Your objective:
For this exercise, retype all the data exactly and exclude every image.

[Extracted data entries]
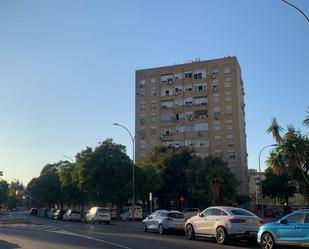 Vista exterior de Pis en venda en  Sevilla Capital amb Alarma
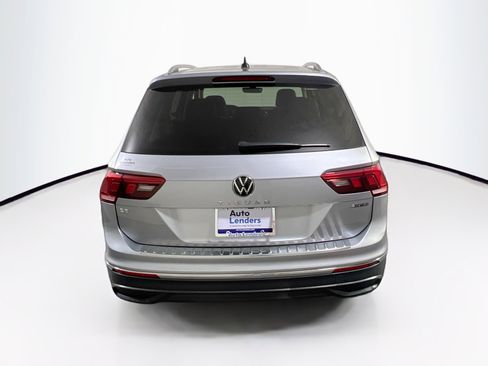 Used 2023 Volkswagen Tiguan SE AWD/4WD image 6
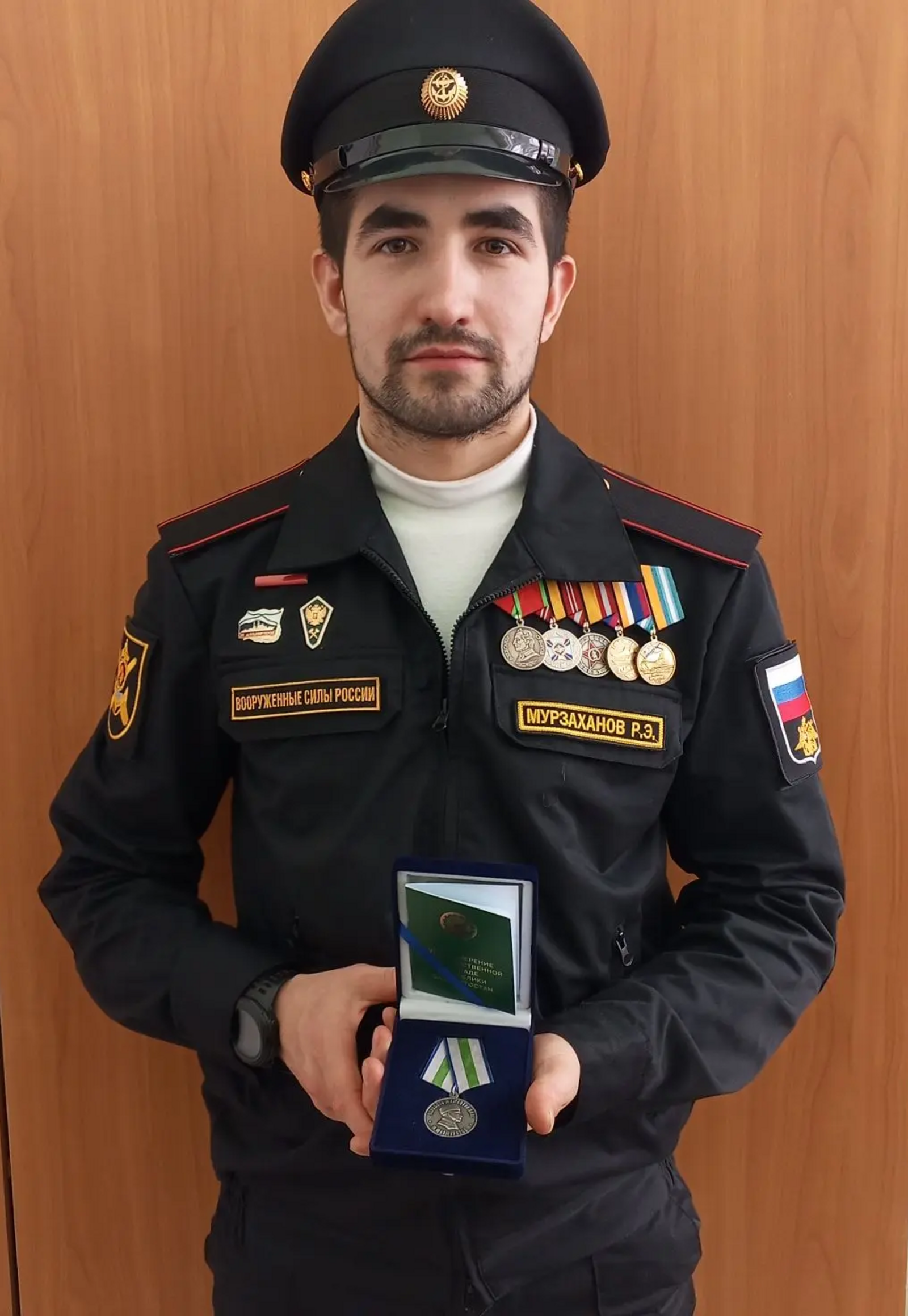 Р. Мурзаханов из Мишкинского района   награжден медалью генерала Шаймуратова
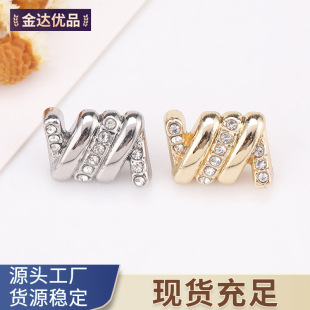 ����������r������С���L�����·��L������ë��ᘿ����Ӽ~��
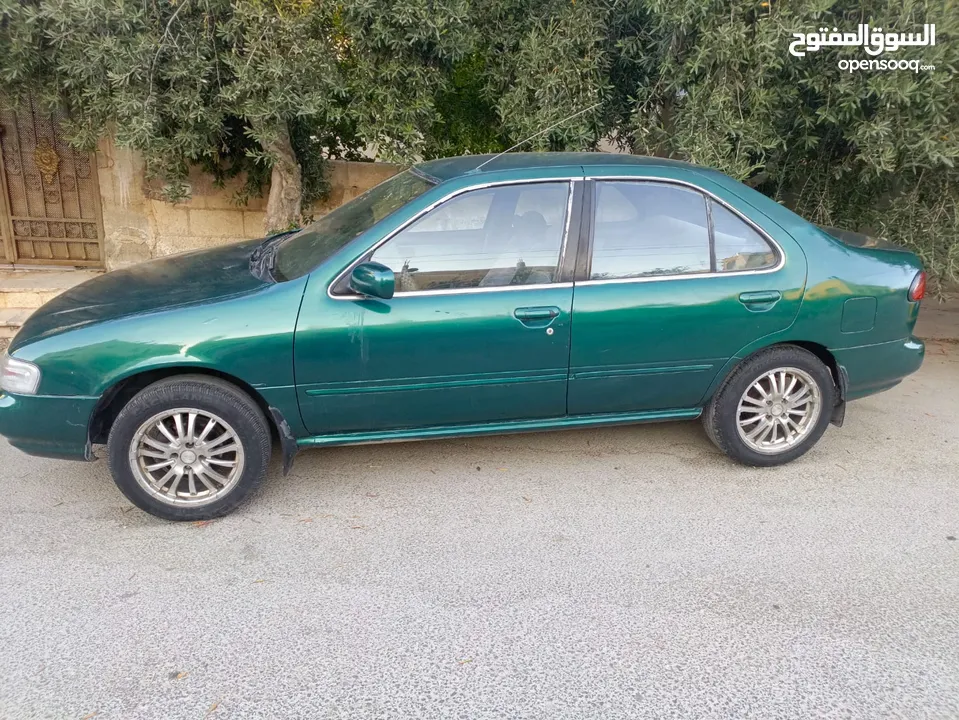 سيارة للبيع نيسان سني 1997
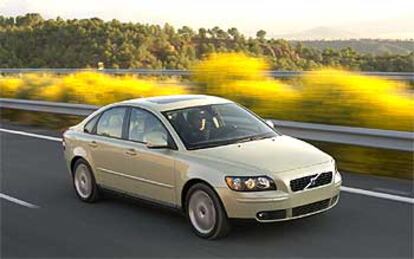 El Volvo S40 mantiene la imagen robusta de la marca sueca y el aire de familia de sus hermanos mayores. Además presenta un estilo muy moderno, deportivo y dinámico.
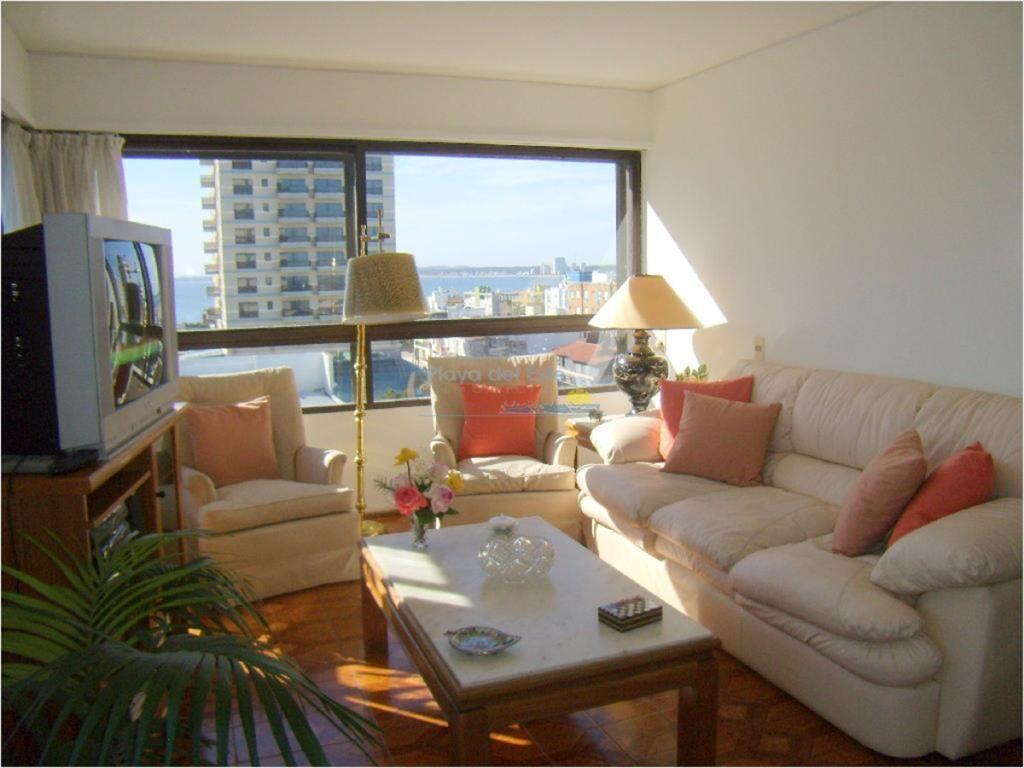 Apartamento en Peninsula, 2 dormitorios y medio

Exercise answer:
 Vista exterior de Pis en venda en  Sevilla Capital amb Alarma
 Used 2023 Volkswagen Tiguan SE AWD/4WD image 6
 Р. Мурзаханов из Мишкинского района   награжден медалью генерала Шаймуратова
 ����������r������С���L�����·��L������ë��ᘿ����Ӽ~��
 سيارة للبيع نيسان سني 1997
 El Volvo S40 mantiene la imagen robusta de la marca sueca y el aire de familia de sus hermanos mayores. Además presenta un estilo muy moderno, deportivo y dinámico.
 Apartamento en Peninsula, 2 dormitorios y medio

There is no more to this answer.